História do Sport Lisboa e Benfica 1904 - 1954; Volume I; Página 333; Mário de Oliveira e Rebelo da Silva; Lisboa; 1954; edição dos autores |
História do Sport Lisboa e Benfica 1904 - 1954; Volume I; Página 333; Mário de Oliveira e Rebelo da Silva; Lisboa; 1954; edição dos autores |
De Futebolista do Glorioso a Herói para um jovem escritor
Foi há 90 anos. Lutou a 20, expirou a 26 de Novembro. Faleceu, depois de uma agonia de sete dias devido a feridas
infectadas e carne esfacelada por um leão, aquele que pode ser considerado o
sétimo capitão da Gloriosa História, depois de António Couto, Silvestre Silva,
Fortunato Levy (há um Levy no livro que é, certamente, inspirado no pai do
nosso Levy, pois também ia para o Brasil e a avaria no navio fez com que
fizesse vida em São Vicente/Cabo Verde), Félix Bermudes, Cosme Damião e Henrique
Costa. Além disso Cosme Damião “foi buscá-lo” ao CIF/Internacional para o substituir – como médio-centro
e capitão - pois estava decidido a abandonar o Futebol em 1916! E o futebolista que ele
pensava ser o seu sucessor tinha “fugido”, no final da época de 1913/14, para o Sporting CP: Artur José
Pereira.
História do Sport Lisboa e Benfica 1904 - 1954; Volume I; Página 328; Mário de Oliveira e Rebelo da Silva; Lisboa; 1954; edição dos autores |
Quatro épocas, um TRIcampeonato Regional
Jogou com o “Manto Sagrado” entre o final de 1914/15 (dois
jogos particulares para “testá-lo”) e 1918/19. Com cifras importantes (para
além de exímio nadador, poloaquatista e saltador para a água):
5 465 minutos
61 jogos
5 golos
30 jogos a capitão, entre 1915/16 (final da época) e 1917/18
Três campeonatos Regionais (1915/16, 1916/17 e 1917/18) os dois últimos como capitão.

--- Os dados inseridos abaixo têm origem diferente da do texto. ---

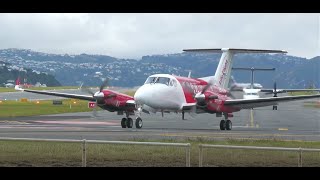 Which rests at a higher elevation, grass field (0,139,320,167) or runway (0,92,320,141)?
runway (0,92,320,141)

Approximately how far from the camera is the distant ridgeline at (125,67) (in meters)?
72.2

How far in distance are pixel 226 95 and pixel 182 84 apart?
3622 millimetres

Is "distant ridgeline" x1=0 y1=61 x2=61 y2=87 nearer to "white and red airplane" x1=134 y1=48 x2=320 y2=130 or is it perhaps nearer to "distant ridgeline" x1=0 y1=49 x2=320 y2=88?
"distant ridgeline" x1=0 y1=49 x2=320 y2=88

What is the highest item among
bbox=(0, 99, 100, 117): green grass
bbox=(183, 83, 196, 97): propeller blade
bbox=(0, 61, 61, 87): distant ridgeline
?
bbox=(0, 61, 61, 87): distant ridgeline

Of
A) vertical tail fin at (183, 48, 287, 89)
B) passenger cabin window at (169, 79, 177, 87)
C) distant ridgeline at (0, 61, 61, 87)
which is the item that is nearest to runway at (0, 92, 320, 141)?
passenger cabin window at (169, 79, 177, 87)

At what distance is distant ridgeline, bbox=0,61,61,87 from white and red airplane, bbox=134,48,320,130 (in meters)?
51.5

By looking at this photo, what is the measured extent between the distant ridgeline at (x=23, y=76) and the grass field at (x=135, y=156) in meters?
73.7

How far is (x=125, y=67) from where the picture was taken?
3152 inches

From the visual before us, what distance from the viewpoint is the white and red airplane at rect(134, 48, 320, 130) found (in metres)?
41.0

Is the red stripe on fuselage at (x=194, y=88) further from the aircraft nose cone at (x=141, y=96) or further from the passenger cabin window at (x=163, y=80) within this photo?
the aircraft nose cone at (x=141, y=96) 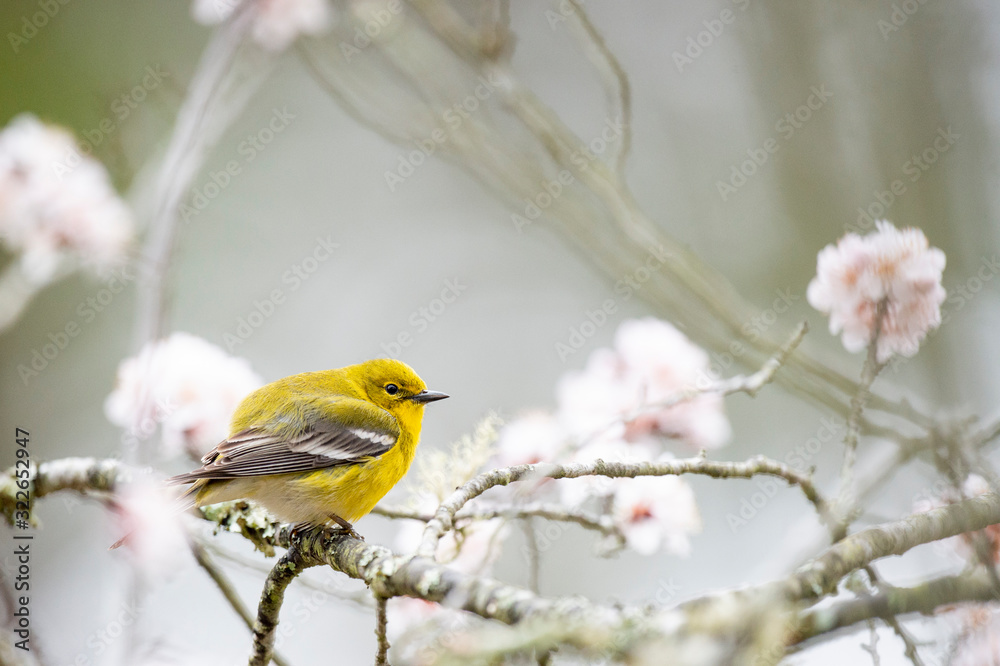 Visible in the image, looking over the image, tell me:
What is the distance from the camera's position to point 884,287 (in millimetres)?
1379

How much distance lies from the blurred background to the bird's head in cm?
13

Resta homenageá-lo neste blogue com a frase que gostava de citar entre conversas com amigos e "amigas": «Eu sou
aquele que poderia ter sido e o meu nome é Nunca Mais».
Um Glorioso Capitão
Carlos Burnay da Cruz Sobral. Herói trágico, herói derradeiro. Campeão de natação, campeão no futebol. Foi um "globetrotter" mesmo à escala da época. Este evocação que o Alberto faz é muito justa. Chegou já um pouco tarde ao nosso Clube mas ainda assim foi tricampeão, ocupando o lugar que antes tinha sido de Cosme.

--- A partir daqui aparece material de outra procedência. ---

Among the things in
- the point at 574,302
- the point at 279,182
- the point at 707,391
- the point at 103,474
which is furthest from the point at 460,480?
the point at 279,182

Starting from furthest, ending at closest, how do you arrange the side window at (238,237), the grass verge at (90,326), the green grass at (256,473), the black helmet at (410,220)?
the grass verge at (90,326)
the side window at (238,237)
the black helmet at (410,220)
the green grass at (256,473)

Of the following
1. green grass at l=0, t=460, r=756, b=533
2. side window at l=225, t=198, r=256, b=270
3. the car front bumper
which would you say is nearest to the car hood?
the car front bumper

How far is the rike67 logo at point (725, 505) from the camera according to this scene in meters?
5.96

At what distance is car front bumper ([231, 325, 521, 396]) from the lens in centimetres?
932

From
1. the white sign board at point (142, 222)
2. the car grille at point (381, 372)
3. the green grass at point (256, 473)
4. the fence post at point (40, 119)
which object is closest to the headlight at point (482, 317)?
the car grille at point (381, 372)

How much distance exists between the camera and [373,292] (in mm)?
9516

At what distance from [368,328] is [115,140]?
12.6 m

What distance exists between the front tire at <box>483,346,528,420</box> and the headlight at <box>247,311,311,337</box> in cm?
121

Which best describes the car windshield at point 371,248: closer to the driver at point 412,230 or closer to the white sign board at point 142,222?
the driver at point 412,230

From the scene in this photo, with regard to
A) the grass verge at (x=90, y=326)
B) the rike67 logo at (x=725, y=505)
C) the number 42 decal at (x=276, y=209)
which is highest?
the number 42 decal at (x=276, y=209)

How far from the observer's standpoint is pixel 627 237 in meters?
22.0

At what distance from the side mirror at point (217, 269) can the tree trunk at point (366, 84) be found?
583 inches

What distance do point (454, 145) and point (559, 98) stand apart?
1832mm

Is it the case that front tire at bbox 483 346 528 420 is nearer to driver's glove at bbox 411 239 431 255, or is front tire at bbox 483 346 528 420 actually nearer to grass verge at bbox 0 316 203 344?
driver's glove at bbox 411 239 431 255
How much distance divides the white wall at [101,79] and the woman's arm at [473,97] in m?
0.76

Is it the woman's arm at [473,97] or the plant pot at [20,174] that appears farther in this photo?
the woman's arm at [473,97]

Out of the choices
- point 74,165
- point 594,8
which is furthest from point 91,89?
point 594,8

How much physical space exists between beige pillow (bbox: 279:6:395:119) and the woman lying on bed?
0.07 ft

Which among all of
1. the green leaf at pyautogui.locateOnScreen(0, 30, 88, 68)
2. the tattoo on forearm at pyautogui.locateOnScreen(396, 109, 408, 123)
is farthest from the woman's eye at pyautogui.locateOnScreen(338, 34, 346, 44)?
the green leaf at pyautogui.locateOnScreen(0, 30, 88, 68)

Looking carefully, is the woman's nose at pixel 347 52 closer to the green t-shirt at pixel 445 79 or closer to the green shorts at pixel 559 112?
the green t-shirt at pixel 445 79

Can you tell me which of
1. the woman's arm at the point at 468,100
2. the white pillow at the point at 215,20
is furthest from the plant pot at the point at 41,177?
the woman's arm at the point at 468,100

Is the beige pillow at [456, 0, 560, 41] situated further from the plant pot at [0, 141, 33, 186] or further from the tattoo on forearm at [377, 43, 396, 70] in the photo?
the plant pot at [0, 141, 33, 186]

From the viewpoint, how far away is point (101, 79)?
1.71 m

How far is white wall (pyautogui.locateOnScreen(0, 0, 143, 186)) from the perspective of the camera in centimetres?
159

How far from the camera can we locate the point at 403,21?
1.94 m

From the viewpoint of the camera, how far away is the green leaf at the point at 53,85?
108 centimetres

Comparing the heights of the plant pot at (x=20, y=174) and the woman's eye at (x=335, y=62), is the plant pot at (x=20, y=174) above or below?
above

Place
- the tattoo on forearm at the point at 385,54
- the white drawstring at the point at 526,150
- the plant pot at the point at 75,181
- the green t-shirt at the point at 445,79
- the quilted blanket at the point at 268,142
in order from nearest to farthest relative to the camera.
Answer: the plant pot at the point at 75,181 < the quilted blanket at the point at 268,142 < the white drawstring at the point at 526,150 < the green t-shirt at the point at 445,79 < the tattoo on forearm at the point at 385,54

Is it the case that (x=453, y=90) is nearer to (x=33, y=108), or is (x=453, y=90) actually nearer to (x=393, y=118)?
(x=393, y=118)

ResponderEliminarCarlos Sobral terá mostrado o seu talento com a nossa camisola. Devemos assim lembra-lo mesmo que no final estivesse envolvido na turbulenta saída de diversos jogadores para fundar o CF "os Belenenses". Foi um rude golpe no nosso Clube embora não tão grande como o que viria depois com a cisão liderada por Cândido de Oliveira.
Findo o futebol veio a aventura Africana. Se não fosse Joaquim Paço D'Arcos com certeza que saberíamos muito menos da sua vida em África. Mesmo que romanceada, a escrita de Joaquim Paço D'Arcos descreve uma sua vida aventurosa, fruto do local e da personalidade de Sobral. O homem no seu elemento.

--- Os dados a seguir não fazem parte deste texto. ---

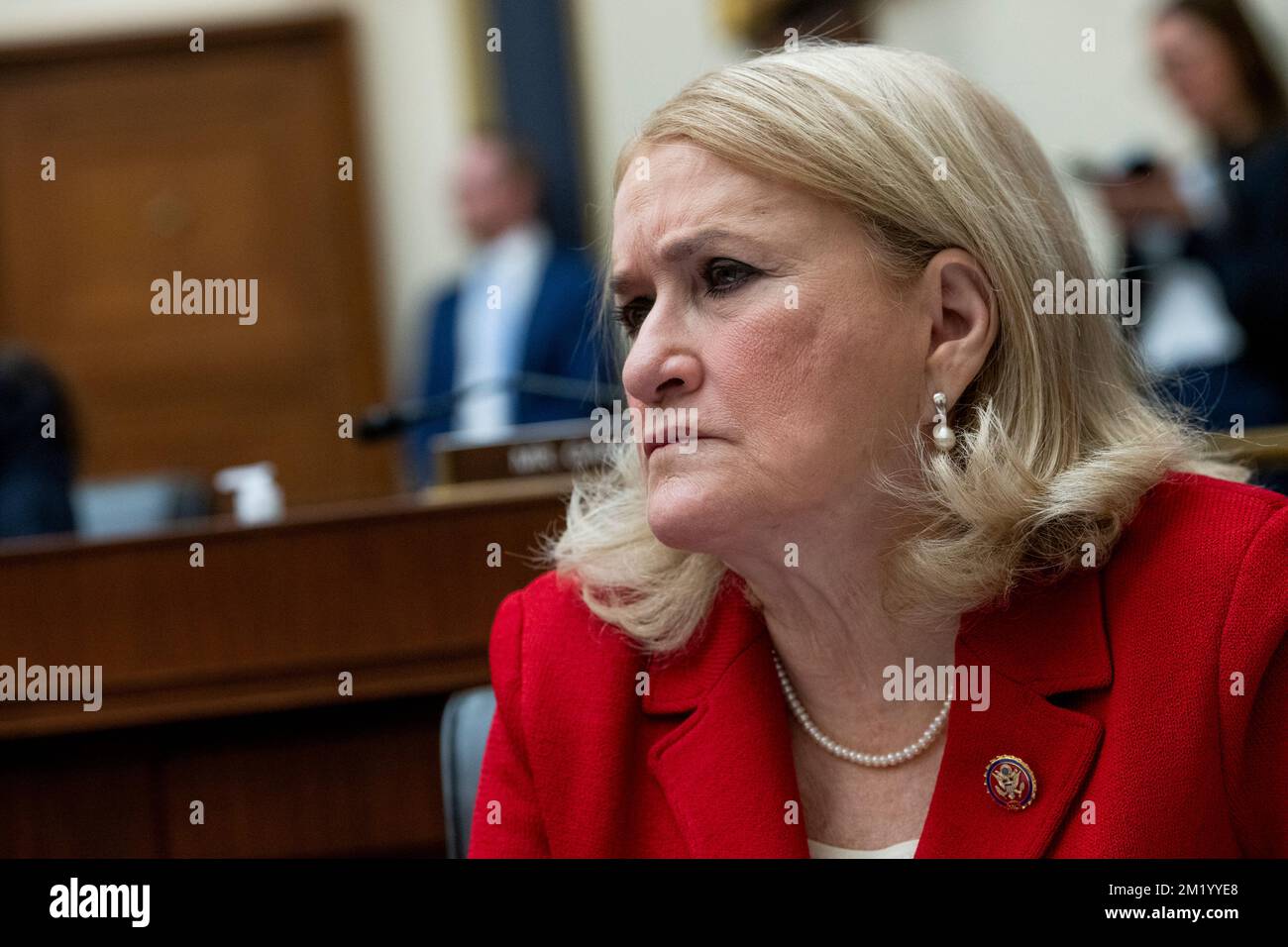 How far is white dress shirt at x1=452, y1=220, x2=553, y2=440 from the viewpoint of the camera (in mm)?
5000

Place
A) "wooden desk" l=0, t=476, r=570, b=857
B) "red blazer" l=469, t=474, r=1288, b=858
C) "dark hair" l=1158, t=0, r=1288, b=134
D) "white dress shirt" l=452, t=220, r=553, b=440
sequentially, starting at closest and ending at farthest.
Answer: "red blazer" l=469, t=474, r=1288, b=858, "wooden desk" l=0, t=476, r=570, b=857, "dark hair" l=1158, t=0, r=1288, b=134, "white dress shirt" l=452, t=220, r=553, b=440

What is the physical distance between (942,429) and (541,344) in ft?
11.2

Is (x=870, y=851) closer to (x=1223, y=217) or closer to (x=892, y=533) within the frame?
(x=892, y=533)

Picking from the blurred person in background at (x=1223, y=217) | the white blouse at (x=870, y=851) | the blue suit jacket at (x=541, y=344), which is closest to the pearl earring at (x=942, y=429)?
the white blouse at (x=870, y=851)

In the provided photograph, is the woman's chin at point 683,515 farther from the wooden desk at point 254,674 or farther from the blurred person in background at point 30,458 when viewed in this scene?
the blurred person in background at point 30,458

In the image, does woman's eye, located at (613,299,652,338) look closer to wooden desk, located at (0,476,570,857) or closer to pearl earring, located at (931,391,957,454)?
pearl earring, located at (931,391,957,454)

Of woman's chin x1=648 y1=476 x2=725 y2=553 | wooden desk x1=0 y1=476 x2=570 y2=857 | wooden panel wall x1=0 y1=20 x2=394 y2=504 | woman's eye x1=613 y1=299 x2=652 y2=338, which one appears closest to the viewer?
woman's chin x1=648 y1=476 x2=725 y2=553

O fim foi trágico. As linhas do Joaquim Paço D'Arcos são impressionantes de realismo e tragédia. Morte na flor da vida, num leito e em agonia de um campeão que mostrou a sua exuberância atlética nas águas e nos campos. Trágico.
O seu texto é excelente, Alberto. Obrigado!
Relembrar os nossos heróis de antanho é preciso!!!